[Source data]
*** Block opens ***

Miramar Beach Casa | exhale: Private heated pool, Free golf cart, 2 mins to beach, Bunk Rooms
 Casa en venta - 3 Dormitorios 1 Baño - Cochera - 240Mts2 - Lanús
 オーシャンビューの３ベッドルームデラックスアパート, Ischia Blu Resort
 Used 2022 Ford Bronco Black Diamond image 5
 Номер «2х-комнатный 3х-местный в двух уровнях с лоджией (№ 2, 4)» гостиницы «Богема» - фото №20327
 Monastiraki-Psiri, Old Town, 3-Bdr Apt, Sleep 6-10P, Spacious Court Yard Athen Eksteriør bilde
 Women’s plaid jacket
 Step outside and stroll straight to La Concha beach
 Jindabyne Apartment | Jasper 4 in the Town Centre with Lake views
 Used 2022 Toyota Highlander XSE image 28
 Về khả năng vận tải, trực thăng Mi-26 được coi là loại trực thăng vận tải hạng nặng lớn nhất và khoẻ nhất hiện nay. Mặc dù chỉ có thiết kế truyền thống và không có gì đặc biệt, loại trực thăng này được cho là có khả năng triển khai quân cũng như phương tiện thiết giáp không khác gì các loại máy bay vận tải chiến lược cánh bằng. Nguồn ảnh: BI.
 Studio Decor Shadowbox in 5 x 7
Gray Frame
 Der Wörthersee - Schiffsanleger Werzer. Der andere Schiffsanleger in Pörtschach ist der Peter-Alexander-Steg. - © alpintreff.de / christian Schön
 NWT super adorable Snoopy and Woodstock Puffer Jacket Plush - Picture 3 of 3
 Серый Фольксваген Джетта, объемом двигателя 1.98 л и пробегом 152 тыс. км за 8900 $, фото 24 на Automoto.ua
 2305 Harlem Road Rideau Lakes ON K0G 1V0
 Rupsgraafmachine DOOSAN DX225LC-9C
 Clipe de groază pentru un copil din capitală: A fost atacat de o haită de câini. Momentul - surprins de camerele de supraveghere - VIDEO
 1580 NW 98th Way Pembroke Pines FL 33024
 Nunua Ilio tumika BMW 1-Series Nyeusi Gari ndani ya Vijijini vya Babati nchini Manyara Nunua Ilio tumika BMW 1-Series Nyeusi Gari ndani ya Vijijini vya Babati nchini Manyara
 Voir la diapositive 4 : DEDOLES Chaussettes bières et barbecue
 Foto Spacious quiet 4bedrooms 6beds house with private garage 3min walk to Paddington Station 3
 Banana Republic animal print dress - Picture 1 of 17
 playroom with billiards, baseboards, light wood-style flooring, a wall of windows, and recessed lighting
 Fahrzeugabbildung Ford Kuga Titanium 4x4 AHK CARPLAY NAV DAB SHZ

*** Block closes ***

• [WHAT THIS TASK INVOLVES] Look for the string "фото" in the entries above. Copy every line that has it.

• [RESPONSE TO THE TASK]
 Номер «2х-комнатный 3х-местный в двух уровнях с лоджией (№ 2, 4)» гостиницы «Богема» - фото №20327
 Серый Фольксваген Джетта, объемом двигателя 1.98 л и пробегом 152 тыс. км за 8900 $, фото 24 на Automoto.ua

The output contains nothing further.